- Directed by: Milivoj Puhlovski
- Written by: Hrvoje Hitrec
- Story by: Nenad Burcar; Pero Kvesic;
- Starring: Damir Saban; Cintija Asperger; Danko Ljustina; Zvonimir Juric;
- Cinematography: Enes Midzic
- Edited by: Robert Lisjak
- Production companies: Zagreb Film; Kinematografi;
- Release date: December 12, 1983 (Yugoslavia);
- Running time: 99 minutes
- Country: Yugoslavia
- Language: Serbo-Croatian;

= S.P.U.K. =

S.P.U.K. (Long title: Sreća Pojedinca - Uspjeh Kolektiva ) is a 1983 Serbo-Croatian language Yugoslavian comedy film written by Hrvoje Hitrec and directed by Milivoj Puhlovski.

==Plot==
The Government's Sava Commander wants his youth labor brigade to be the best, but this goal seems difficult to reach when he sees graffiti being repeated all over his area of command.

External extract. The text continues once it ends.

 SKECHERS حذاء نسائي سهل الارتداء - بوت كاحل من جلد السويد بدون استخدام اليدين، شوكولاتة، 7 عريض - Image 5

The Commander begins to hunt for the graffiti makers, but they are difficult to find and stop.

==Cast==

- Damir Šaban as Lovro
- Cintija Ašperger as Vlasta
- Danko Ljuština as Vlado
- Zvonimir Jurić as Kuhar
- Radoslav Spitzmuller as Boro
- Elizabeta Kukić as Koka
- Branimir Vidić as Mrva
- Predrag 'Pređo' Vušović as Redford
- Vili Matula as Ninđa
- Pjer Zardin as Clapton
- Mario Mirković as Mišo
- Anja Šovagović-Despot as Bolničarka
- Ivanišević Nedeljko as Bilder
- Tanja Mazele as Zita
- Borivoj Zimonja as Radio-voditelj
- Tomislav Lipljin as Liječnik
- Milan Plećaš as Sekretar
- Otokar Levaj as Ličilac
- Slavica Knežević as Seksolog
- Đuro Utješanović as Dermatolog
- Mladen Crnobrnja as Sociolog
- Đuro Crnobrnja as Kino-operator
- Zdenka Trach as Teta
- Željko Haberstok as Ribić
- Željka Galler as Redfordova djevojka
- Emira Filipović as Zvjezdana
- Mehdi Jashari as Medo / Dobrovoljac
- Ranko Vujisić as Recitator
- Zlatko Rado as Dežurni
- Mirko Sušić as Pomoćnik
- Vlasta Klemenc as Miss
- Slobodanka Burcel as Boba

==Reception==
The film was shot in an era when once very popular youth work actions were waning in Yugoslavia, and its exploitation formula of youth comedy mixed with eroticism was unsuccessful with the critics and the cinemagoers alike.